Anomali Iklim Perparah Pembakaran Lahan Masyarakat

Program pencegahan karhutla pada dasarnya perlu mengikuti ketentuan peraturan perundang undangan yang berlaku sehingga ada sinkronisasi dengan kebijakan Karhutla yang diterapkan BNPB (Badan Nasional Penanggulan Bencana). Foto: ANTARA
Program pencegahan karhutla pada dasarnya perlu mengikuti ketentuan peraturan perundang undangan yang berlaku sehingga ada sinkronisasi dengan kebijakan Karhutla yang diterapkan BNPB (Badan Nasional Penanggulan Bencana). Foto: ANTARA

TROPIS.CO, JAKARTA – Pembukaan lahan dengan cara membakar punya risiko tinggi dan berbahaya akibat pergeseran (anomali) iklim.

Pergeseran musim berkepanjangan itu menyebabkan lahan kering dan mudah terbakar sehingga pembakaran bisa melenceng dan justru berpotensi menjadi bencana.
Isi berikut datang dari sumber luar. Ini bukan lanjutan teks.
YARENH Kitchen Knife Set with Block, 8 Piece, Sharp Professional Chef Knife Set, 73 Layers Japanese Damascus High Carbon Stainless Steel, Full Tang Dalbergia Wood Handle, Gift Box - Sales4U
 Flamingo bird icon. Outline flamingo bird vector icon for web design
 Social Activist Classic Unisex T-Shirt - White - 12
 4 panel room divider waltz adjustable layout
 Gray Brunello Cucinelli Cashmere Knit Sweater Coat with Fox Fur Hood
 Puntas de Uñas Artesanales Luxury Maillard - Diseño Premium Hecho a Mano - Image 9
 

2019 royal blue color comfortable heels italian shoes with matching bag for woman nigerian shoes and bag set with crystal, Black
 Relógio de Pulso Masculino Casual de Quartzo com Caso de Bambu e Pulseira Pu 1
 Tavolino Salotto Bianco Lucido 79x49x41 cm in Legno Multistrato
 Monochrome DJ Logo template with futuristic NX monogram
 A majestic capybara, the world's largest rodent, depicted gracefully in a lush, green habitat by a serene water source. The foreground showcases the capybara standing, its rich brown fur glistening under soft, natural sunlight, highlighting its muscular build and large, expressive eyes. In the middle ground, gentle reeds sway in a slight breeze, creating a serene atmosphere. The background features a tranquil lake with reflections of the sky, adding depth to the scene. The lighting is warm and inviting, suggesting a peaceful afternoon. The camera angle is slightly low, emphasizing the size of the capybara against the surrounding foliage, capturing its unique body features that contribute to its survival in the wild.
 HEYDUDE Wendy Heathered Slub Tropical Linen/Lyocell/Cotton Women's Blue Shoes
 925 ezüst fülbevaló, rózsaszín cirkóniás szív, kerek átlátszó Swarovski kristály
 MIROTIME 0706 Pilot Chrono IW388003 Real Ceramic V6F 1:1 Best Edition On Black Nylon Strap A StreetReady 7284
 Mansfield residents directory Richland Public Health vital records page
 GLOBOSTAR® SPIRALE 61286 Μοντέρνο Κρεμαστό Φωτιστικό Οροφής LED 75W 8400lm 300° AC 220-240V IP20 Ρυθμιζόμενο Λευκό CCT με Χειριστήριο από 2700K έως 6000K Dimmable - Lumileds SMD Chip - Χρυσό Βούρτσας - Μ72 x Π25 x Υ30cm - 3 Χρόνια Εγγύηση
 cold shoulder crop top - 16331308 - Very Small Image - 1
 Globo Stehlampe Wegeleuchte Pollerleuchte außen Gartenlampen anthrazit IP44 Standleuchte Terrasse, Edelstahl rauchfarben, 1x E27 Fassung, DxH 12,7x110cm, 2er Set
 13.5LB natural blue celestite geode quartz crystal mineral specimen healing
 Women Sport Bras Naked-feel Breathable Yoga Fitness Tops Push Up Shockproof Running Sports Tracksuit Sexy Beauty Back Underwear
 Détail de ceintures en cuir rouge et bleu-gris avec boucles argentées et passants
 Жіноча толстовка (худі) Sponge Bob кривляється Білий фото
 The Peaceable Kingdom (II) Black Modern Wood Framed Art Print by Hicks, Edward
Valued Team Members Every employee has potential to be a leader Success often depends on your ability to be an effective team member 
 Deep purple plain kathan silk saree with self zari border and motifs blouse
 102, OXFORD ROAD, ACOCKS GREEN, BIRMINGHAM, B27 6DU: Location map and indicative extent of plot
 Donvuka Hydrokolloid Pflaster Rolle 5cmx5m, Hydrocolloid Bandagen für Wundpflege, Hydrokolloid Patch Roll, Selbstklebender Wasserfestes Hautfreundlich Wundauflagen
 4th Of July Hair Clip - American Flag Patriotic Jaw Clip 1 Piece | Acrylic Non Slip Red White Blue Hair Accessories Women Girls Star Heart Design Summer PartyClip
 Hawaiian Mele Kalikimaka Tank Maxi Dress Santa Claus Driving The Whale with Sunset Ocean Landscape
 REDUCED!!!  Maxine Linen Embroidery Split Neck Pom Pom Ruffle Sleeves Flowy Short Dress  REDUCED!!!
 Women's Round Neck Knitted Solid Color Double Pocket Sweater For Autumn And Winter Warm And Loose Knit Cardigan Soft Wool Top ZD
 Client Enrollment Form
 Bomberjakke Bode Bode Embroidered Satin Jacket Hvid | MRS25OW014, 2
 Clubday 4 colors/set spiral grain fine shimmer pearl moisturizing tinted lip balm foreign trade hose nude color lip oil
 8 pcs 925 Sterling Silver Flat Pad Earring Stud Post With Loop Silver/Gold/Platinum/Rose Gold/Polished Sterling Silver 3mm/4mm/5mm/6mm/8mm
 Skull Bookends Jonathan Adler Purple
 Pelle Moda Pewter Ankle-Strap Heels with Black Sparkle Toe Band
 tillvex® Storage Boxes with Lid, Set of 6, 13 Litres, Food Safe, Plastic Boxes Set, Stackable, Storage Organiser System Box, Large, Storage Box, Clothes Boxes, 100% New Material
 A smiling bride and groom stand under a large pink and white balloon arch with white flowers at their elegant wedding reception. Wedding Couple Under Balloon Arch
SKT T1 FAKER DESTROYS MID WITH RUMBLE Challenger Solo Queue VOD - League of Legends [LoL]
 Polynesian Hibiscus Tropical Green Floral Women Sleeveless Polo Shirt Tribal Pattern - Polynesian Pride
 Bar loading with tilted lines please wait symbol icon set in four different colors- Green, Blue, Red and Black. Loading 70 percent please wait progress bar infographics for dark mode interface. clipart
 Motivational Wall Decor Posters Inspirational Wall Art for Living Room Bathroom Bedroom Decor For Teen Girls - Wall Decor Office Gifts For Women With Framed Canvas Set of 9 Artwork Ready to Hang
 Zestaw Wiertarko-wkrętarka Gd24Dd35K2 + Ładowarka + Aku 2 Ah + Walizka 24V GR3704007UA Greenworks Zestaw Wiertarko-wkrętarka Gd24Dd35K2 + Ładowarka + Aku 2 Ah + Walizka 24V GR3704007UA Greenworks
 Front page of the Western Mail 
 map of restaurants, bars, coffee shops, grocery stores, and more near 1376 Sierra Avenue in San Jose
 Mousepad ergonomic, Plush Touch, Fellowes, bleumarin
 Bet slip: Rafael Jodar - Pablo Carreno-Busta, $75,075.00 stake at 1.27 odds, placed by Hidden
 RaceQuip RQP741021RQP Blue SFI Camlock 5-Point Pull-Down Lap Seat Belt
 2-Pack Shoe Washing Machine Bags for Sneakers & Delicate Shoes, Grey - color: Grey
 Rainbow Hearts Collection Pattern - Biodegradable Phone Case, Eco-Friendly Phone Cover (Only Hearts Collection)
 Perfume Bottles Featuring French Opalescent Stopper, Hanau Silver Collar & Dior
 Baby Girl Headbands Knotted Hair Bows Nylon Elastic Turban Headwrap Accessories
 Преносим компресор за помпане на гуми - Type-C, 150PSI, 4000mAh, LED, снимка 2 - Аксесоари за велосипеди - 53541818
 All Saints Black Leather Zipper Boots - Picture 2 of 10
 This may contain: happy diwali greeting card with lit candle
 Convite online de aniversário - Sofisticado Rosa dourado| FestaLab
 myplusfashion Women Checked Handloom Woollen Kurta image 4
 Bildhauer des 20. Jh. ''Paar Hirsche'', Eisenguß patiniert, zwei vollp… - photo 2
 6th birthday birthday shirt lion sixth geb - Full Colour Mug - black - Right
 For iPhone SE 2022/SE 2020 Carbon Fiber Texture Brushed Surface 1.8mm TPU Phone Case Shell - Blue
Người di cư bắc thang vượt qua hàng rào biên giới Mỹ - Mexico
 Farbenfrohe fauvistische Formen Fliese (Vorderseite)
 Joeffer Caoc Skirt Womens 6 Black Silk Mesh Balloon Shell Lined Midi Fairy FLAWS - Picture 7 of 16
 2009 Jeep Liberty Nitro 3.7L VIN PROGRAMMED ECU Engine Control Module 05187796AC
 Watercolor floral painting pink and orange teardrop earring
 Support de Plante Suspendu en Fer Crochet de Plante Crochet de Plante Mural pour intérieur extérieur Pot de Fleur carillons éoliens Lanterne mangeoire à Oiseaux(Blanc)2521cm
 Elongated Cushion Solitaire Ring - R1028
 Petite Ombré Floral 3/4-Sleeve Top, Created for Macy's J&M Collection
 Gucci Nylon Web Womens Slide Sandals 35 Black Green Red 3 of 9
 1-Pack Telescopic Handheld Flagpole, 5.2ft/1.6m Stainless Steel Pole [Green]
Dari aspek regulasi, kegiatan membuka lahan dengan cara membakar kerap abai mengikuti ketentuan BMKG (Badan Meteorologi Klimatologi dan Geofisika) mengenai persyaratan dan waktu yang tepat untuk membuka lahan.

Akibatnya potensi kebakaran hutan dan lahan (Karhutla) bisa terjadi kapan saja.

Staf pengajar Ilmu Tanah Institut Pertanian Bogor (IPB) Dr Basuki Sumawinata mengatakan, pembakaran lahan sebagai kearifian lokal yang dilakukan masyarakat lokal di Kalimantan Barat pada awalnya hanya dilakukan pada kegiatan perladangan yang berpindah.

Namun dengan kondisi saat ini yakni perladangan menetap kegiatan membuka lahan harus dikombinasikan dengan mekanisasi pertanian agar tidak berisiko tinggi.

Baca juga: Sepanjang Januari hingga Juli 2020, Luas Karhutla Turun 53,1 Persen

Menurut Basuki, kondisi tanah di Kalimantan Barat agak berbeda dengan tanah di Jawa.

Hal ini karena tanah di Kalimantan miskin hara dan tanah bereaksi masam, tanpa memberikan tambahan unsur hara untuk bercocok tanam di daerah tersebut hasilnya sangat minim.

Para petani tradisional melakukan pembakaran lahan dengan tujuan membersihkan lahan sambil memberikan abu kepada tanah.

Pemberian abu dapat dipandang sebagai pemberian oksida dari unsur hara yang meningkatkan pH tanah atau menurunkan kemasaman dan membuat unsur hara lebih tersedia.

“Pembakaran lahan ini hanya cocok untuk bercocok tanam padi palawija.”

“Biasanya, setelah melewati beberapa bulan tanah kembali ke pH asalnya.”

“Begitu juga setelah unsur hara tercuci, tanah menjadi miskin lagi,” kata Basuki di Jakarta, Senin (24/8/2020).